Note: 10x Genomics does not provide support for community-developed tools and makes no guarantees regarding their function or performance. Please contact tool developers with any questions. If you have feedback about Analysis Guides, please email [email protected].
10x single cell technologies empower researchers to unravel the intricacies of biology with unprecedented precision, enabling them to explore biology at a resolution specific to individual cell types. There is a vast and ever-evolving landscape of community-developed tools available for annotating individual cell types. To help our customers explore the results of these tools in an approachable environment, we developed a software package, LoupeR, that can take single cell data in an R programming environment and convert it into a Loupe Browser file. This should make collaborations easier, especially between bioinformaticians and wet lab scientists.

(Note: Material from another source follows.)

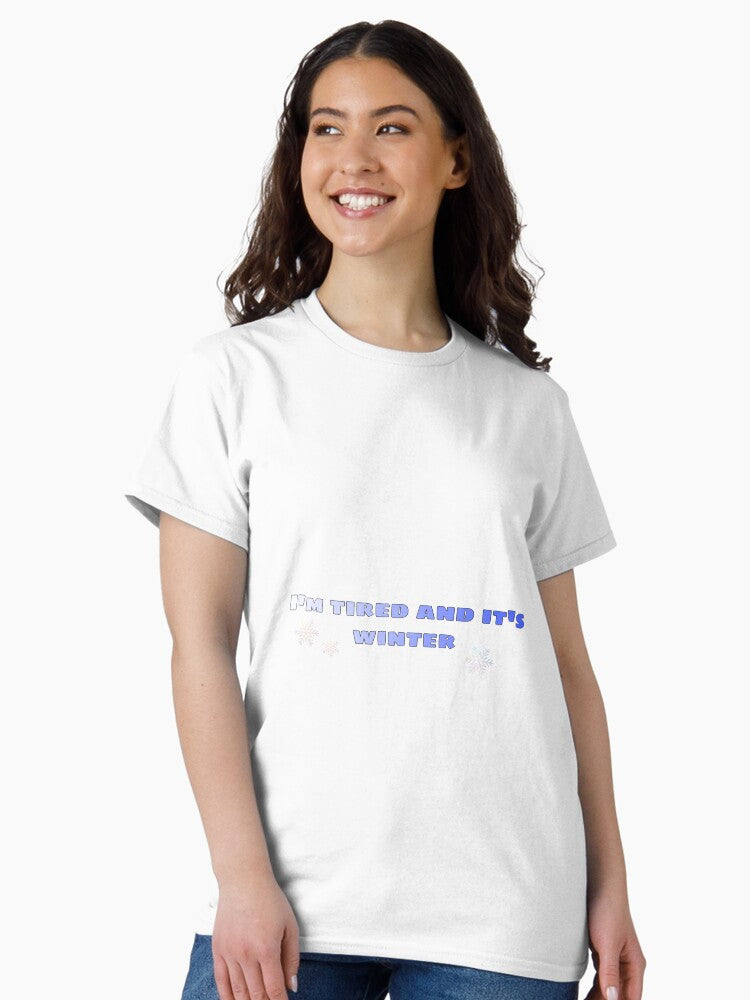 I'm Tired and It's Winter Classic T-Shirt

In this tutorial, we use a Single Cell Gene Expression Flex dataset containing 157,323 cells isolated from 21 flash frozen human tissue samples from treated and untreated Non-Small Cell Lung Cancer (Lung Squamous Cell Carcinoma, LUSC) and Normal Adjacent (NADJ). The goal of this experiment is to identify lung cell types across squamous cell lung cancer disease states.

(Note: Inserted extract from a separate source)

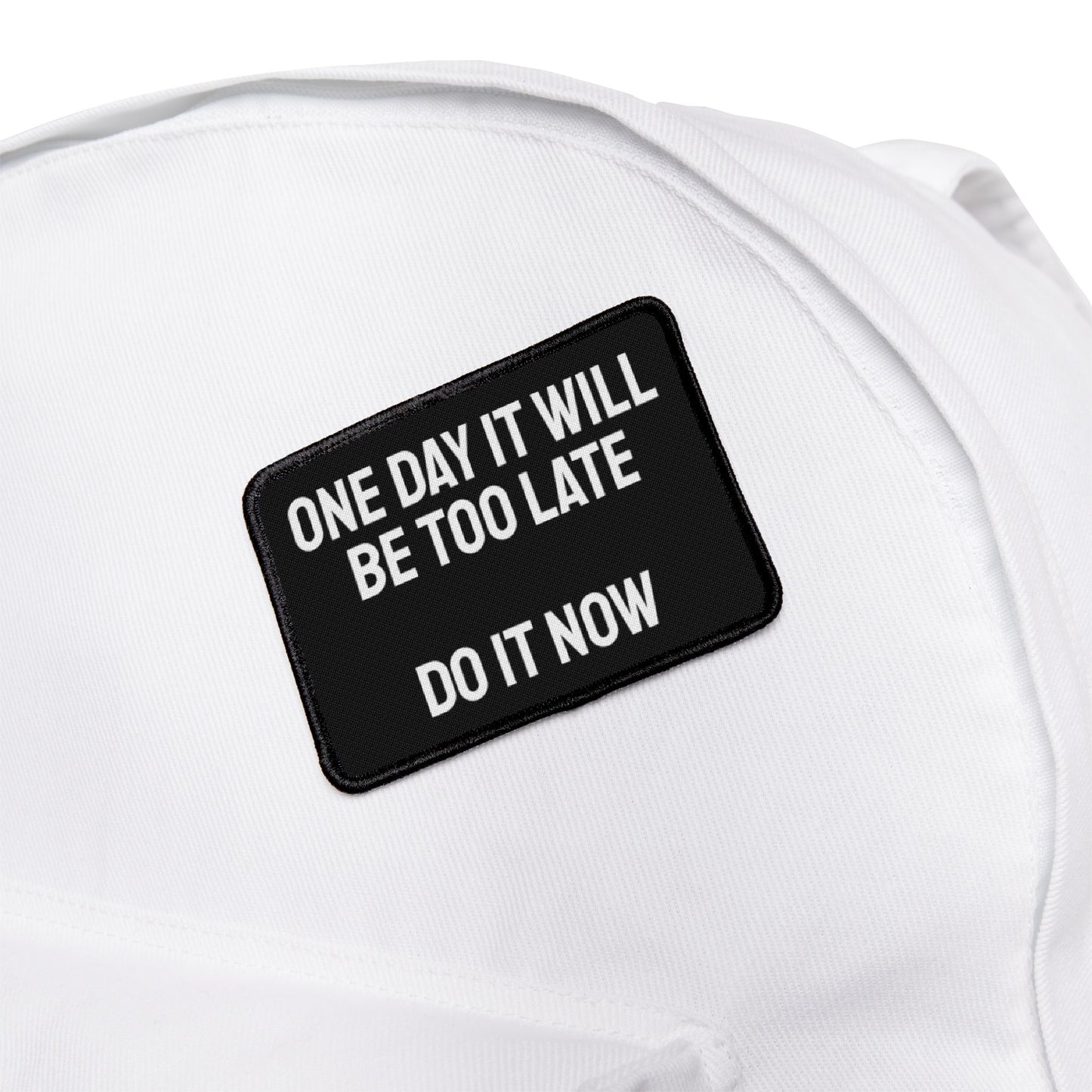 One Day It Will Be Too Late Do It Now - Iron-On Patch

The goals of this Analysis Guide are to demonstrate:
- How to use a community tool, Azimuth, to generate cell type annotations in R.
- How to export those annotations in a format that can be imported into Loupe Browser.
- How to convert the Seurat object generated from Azimuth into a .cloupe file using LoupeR.
The code provided in this Analysis Guide was written in R version 4.2.1. The full session information, including the versions of various packages used, can be found at the bottom of this page.
Azimuth is an automated cell type annotation tool that uses a pre-annotated reference single cell dataset along with a feature-barcode matrix (the query dataset) as inputs. It compares the gene expression profile of each individual cell in the query dataset to the reference and its cell type assignments. This means that users need to choose an appropriate reference dataset, with annotations, to use this tool. The developers of Azimuth provide references for specific tissues through a database, which you may use if you do not have your own reference readily available. If you do not see your tissue of interest in Azimuth’s database, you may need to explore other cell type annotation tools that do not require a reference dataset. We recommend exploring several options before proceeding with any one tool, as each tool differs in its required inputs, algorithms, and accuracy, depending on your data. We have chosen to use Azimuth for this tutorial based on its ease of use, compatibility with R, and interoperability with 10x inputs. To learn about other cell type annotation tools, including those that do not require reference data, see our article: Web Resources for Cell Type Annotation.
Once Azimuth is run, a Seurat object is returned which contains:
- Cell annotations (at multiple levels of resolution, from broad cell type categories to more specific ones)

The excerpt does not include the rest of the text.